The downside is that I haven't really gotten the chance to run. Complications always arise. This week. This week I say. I'll run the beartrail.

Life is so much better lately. I'm more peaceful, more calm about life. I think I've given up on taking control. Giving my life to God is a much better option.

Wednesday, August 16, 2006

My Quirk

If i had a thing that i do, it would be...stating the obvious.

Thursday, August 10, 2006

Boy Meets World.

After finals, I decided to numb my brain as I usually do after tests. I watched Boy Meets World. It's the show that I grew up watching. How sad. The show I grew up watching. It's as if my adolescence was so long ago. Anyway, the episode was the one where Corey and Topanga decided to see other people. Corey saw Topanga kiss another guy (Shane West - yumm). He told Topanga how it hurt him to see her kiss another guy only two weeks after they broke up. She didn't know what to say. Corey suggested that they might as well not be friends anymore and stormed off.

I would be Corey in this case.

I think that's what I do. I shut people out once I've realized that they've hurt me. But isn't that normal? Doesn't that happen to everybody? I dunno. I've done it to a handful of people in my life, a few being family.
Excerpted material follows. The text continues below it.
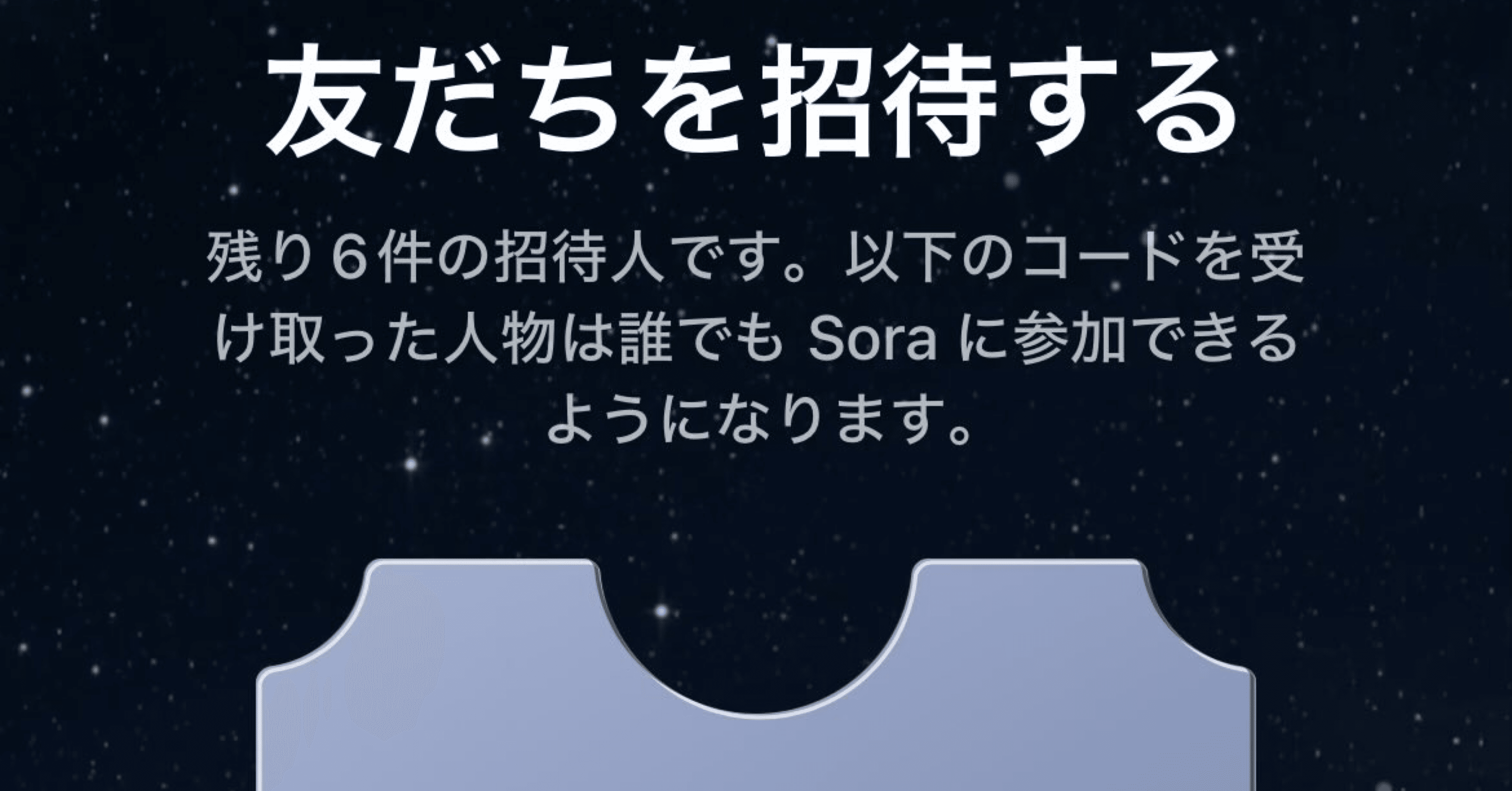 Sora 招待リレーを行います！｜Yas@エンジニア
The episode also made me think about relationships. Is it really possible to be friends after you've gone out with someone and broke up with them after awhile?

Of course, by the end of the episode, they were friends again. But that didn't happen to me. My once friends, I no longer even keep in touch with. Maybe that's the difference between reality and television. Things don't always work out.

I broke down today. It feels liberating, but also saddens me.

Wednesday, August 09, 2006

Taking a little break never hurt anyone.

TWO FINALS TOMORROW...OR IN A COUPLE OF HOURS...

I realized that I am really far-sighted today. I also realized that I'm more like my dad than my mom.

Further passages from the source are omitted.